By the time the debate concluded, Castro was trending on Twitter and scoring praise from pundits for a performance that displayed both emotion and policy acumen, especially on immigration. Beyond condemning the Trump administration's border policies, a fired-up Castro called the drowning deaths
of asylum-seeking father Oscar Alberto Martinez and his 23-month-old daughter Valeria an avoidable tragedy "that should piss us all off."
He also demonstrated an ability to punch up, challenging former El Paso congressman Rep. Beto O'Rourke to join him in pledging to repeal the law that makes illegal entry criminal rather civil offense. When O'Rourke fired back that his own immigration reform policy would fix the matter, Castro didn't let up.
"I think you should do your homework on this issue," Castro told the fellow Texan.
In contrast, O'Rourke — who's sixth in the polls
with 3.3% support — delivered a lackluster, largely rehearsed performance, only seeming to reach his comfort zone during an aspirational final statement.
Castro also managed to grab an impressive amount of talking time
on the crowded stage, calling for approval of the Equal Rights Amendment, defending trans rights and highlighting the fact that he was the only candidate to release a comprehensive policing-reform policy.

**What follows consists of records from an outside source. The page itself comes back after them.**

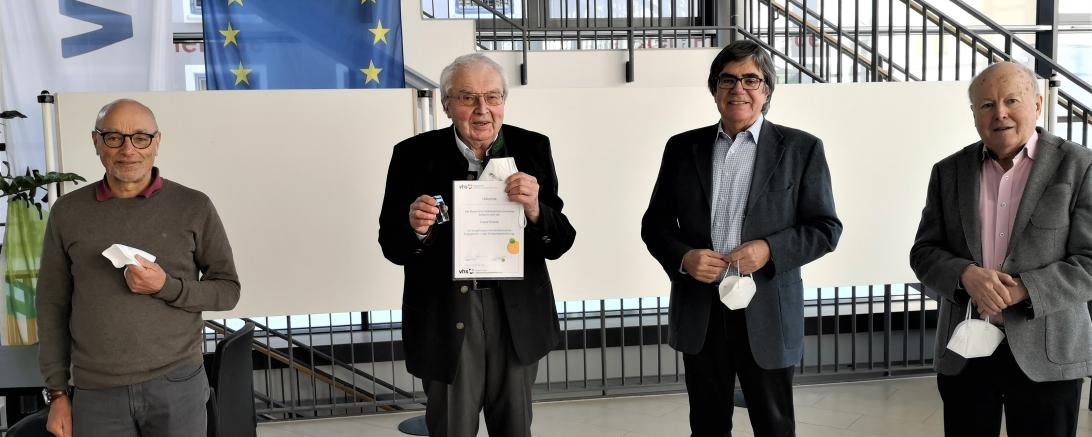Das Bild zeigt Franz Eberle zusammen mit Mitgliedern des Vhs-Vorstandschaft (von links): Günther Treimer, Franz Eberle, Paul Soldner und Franz Haselmayr. 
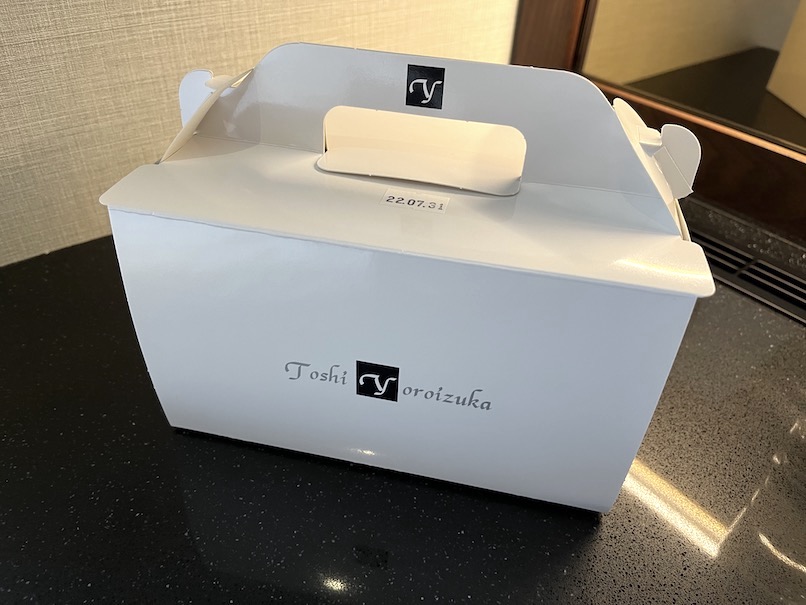 グランバッハ東京銀座のケーキのテイクアウト：トシヨロイヅカの箱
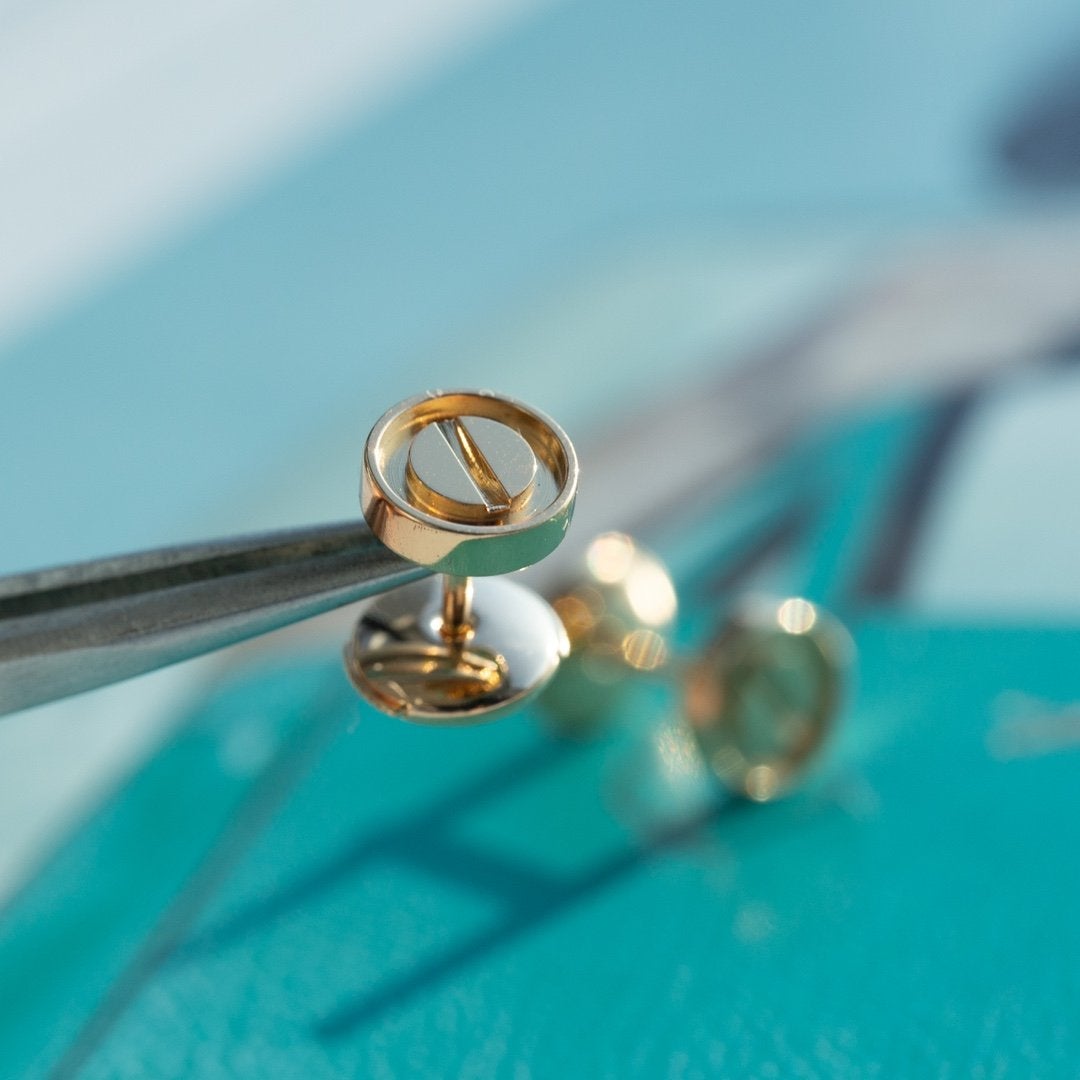 ¡®Aura Jewels¡¯LOVE EARRINGS PINK GOLD 10MM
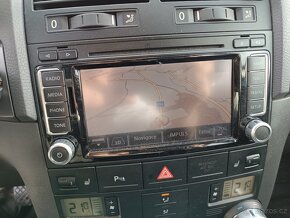 Prodám VW Touareg 3.0 TDi, 176 KW, 2010 - MANUÁL - 12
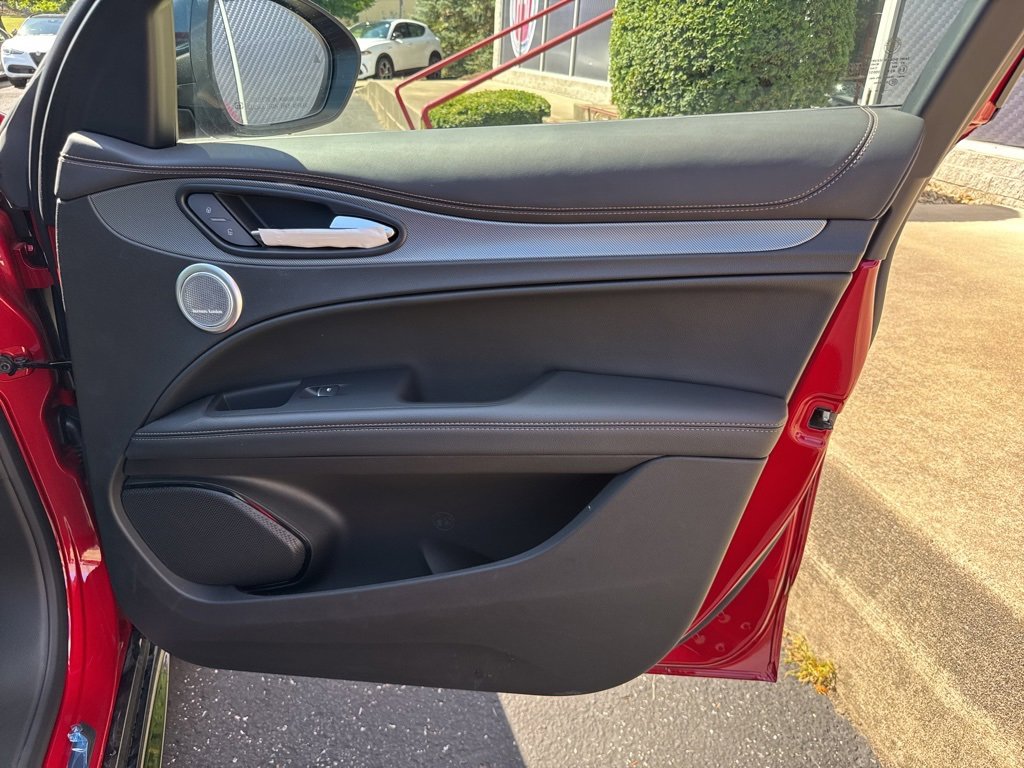 New 2025 Alfa Romeo Stelvio Sprint image 18
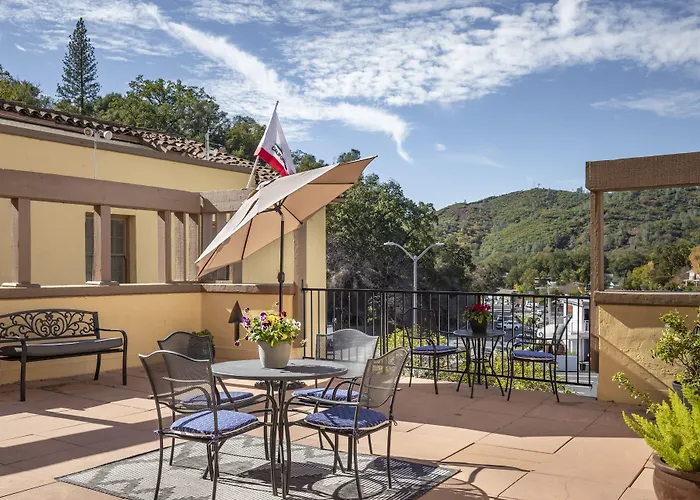 Historic Sonora Inn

Predictably, Castro broke into Spanish during his mic time, as did O'Rourke (again, predictably) and New Jersey Sen. Corey Booker (less so). But it was Castro who won some of the night's biggest applause when he did.
"On Jan. 20, 2021, we'll say adios to Donald Trump," he said during his closing remarks. (Castro's campaign is already selling a T-shirt
with the quip emblazoned on its chest.)
Before the debate ended, search interest in Castro had skyrocketed to 2,400%
on Google, and by morning #AdiosTrump was trending on Twitter. Five of six college students on an NBC News panel
also named the former housing secretary as the debate's stand-out candidate.
Of course, Castro can use all the help he can get. His campaign's first-quarter haul of $1.1 million is paltry compared to Vermont Sen. Bernie Sanders' $18 million
or the $36 million President Trump has raised
since announcing his reelection bid earlier this month.
At least after Wednesday's performance Castro appears to have built enough national name recognition to avoid being mixed up with
his twin brother Joaquin Castro on a TV news show again.